• [Data extract]
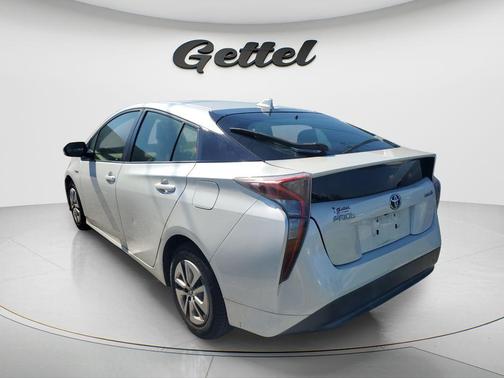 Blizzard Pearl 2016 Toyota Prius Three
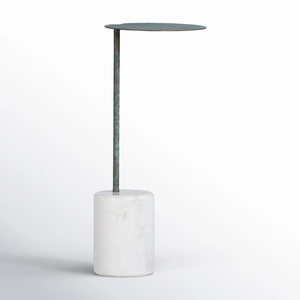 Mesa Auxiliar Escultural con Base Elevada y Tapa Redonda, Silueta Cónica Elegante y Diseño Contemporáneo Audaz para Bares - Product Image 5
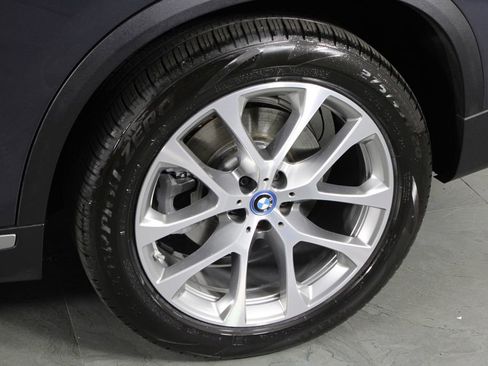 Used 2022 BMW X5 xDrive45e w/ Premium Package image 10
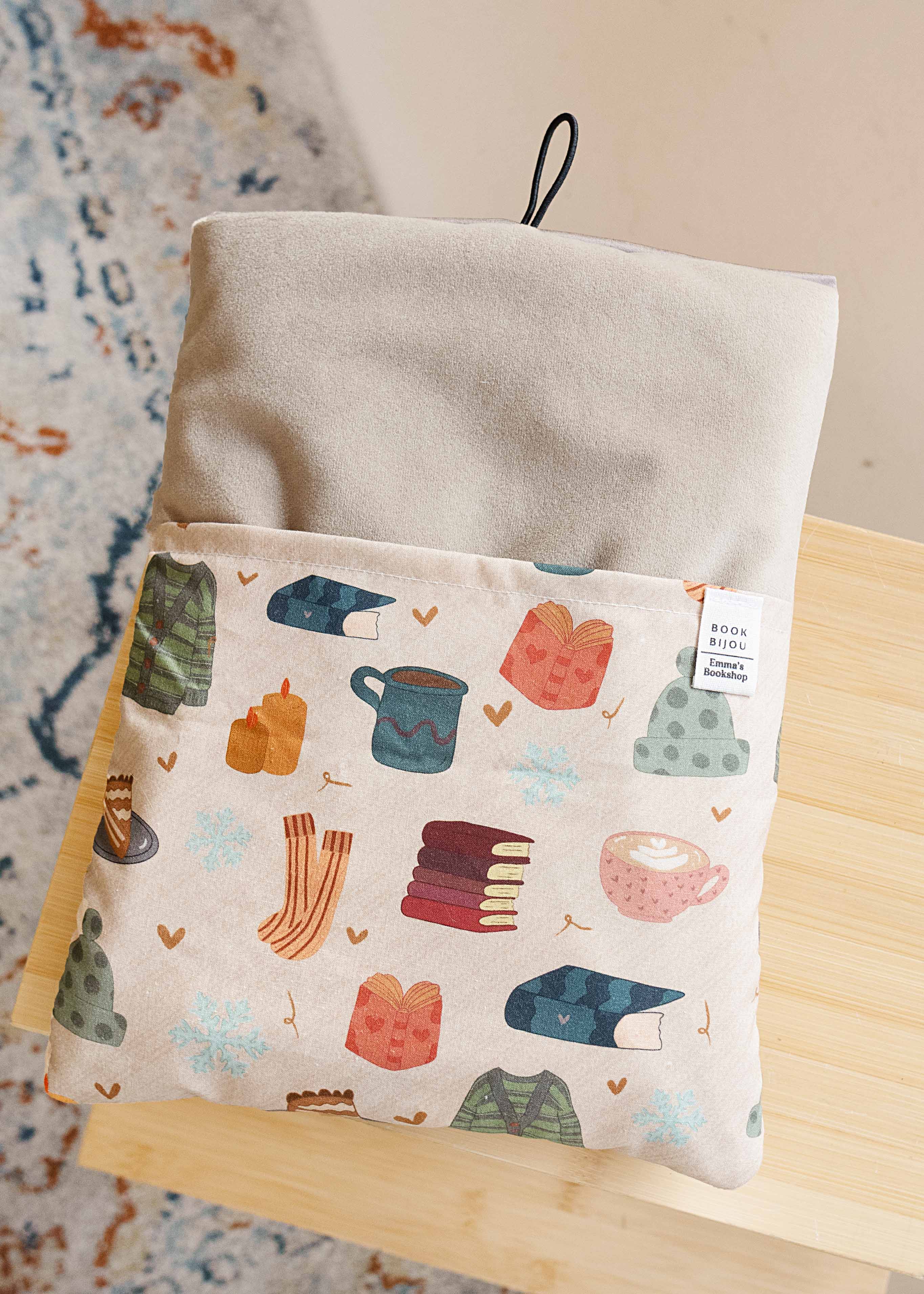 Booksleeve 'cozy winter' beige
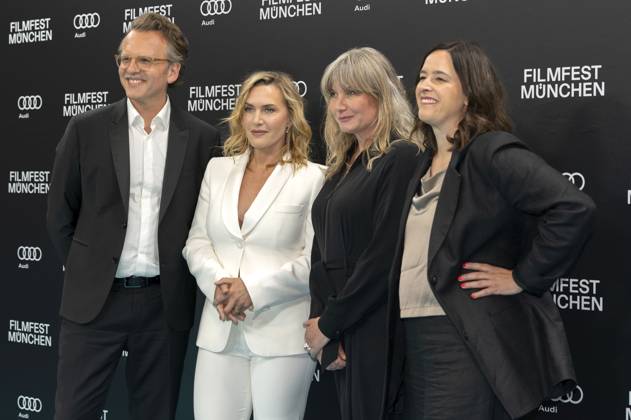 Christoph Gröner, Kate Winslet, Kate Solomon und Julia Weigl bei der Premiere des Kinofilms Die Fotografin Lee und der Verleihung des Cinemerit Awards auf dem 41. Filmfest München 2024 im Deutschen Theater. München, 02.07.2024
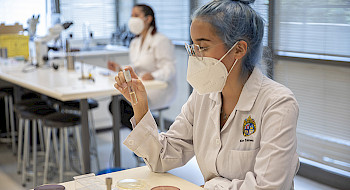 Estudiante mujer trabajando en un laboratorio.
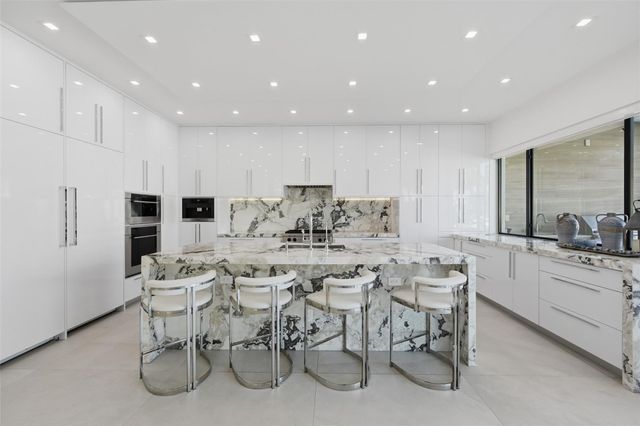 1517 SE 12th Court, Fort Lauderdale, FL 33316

• [Your assignment]
Exactly as written, give again every line from the one containing "Estudiante mujer trabajando" through the last line of the material, both included, with the pictures left out.

• [Worked solution]
 Estudiante mujer trabajando en un laboratorio.
 1517 SE 12th Court, Fort Lauderdale, FL 33316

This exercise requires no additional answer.